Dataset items
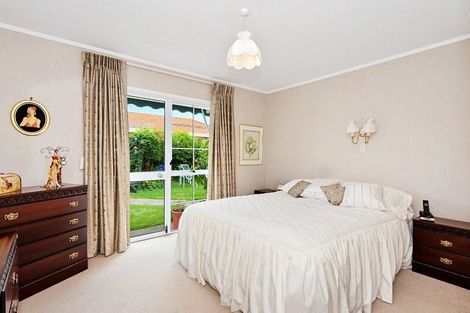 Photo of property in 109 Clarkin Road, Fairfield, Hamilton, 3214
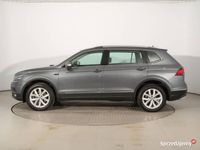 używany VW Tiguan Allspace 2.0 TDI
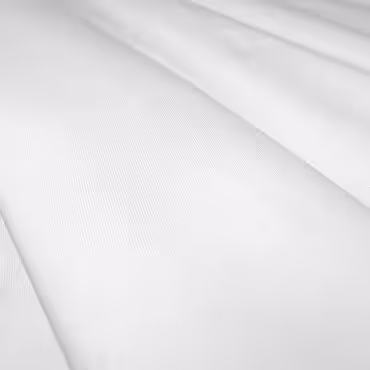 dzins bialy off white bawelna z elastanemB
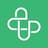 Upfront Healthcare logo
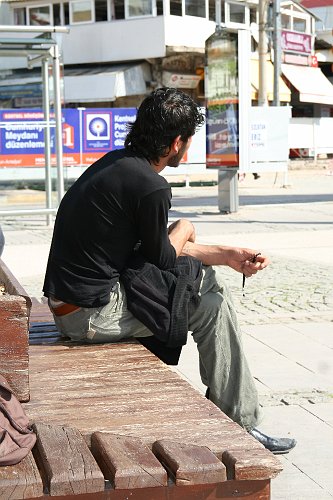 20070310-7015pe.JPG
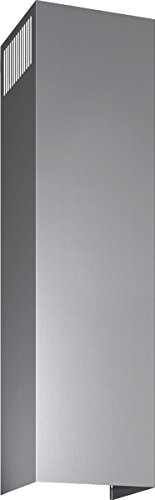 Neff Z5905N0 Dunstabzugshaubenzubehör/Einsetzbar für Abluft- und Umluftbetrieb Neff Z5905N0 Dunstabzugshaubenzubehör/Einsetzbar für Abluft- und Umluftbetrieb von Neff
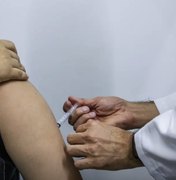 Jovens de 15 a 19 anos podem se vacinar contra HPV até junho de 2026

> **PROBLEM**: Leaving out every picture, repeat the records above exactly as they stand.

> **THE ANSWER**:
 Photo of property in 109 Clarkin Road, Fairfield, Hamilton, 3214
 używany VW Tiguan Allspace 2.0 TDI
 dzins bialy off white bawelna z elastanemB
 Upfront Healthcare logo
 20070310-7015pe.JPG
 Neff Z5905N0 Dunstabzugshaubenzubehör/Einsetzbar für Abluft- und Umluftbetrieb Neff Z5905N0 Dunstabzugshaubenzubehör/Einsetzbar für Abluft- und Umluftbetrieb von Neff
 Jovens de 15 a 19 anos podem se vacinar contra HPV até junho de 2026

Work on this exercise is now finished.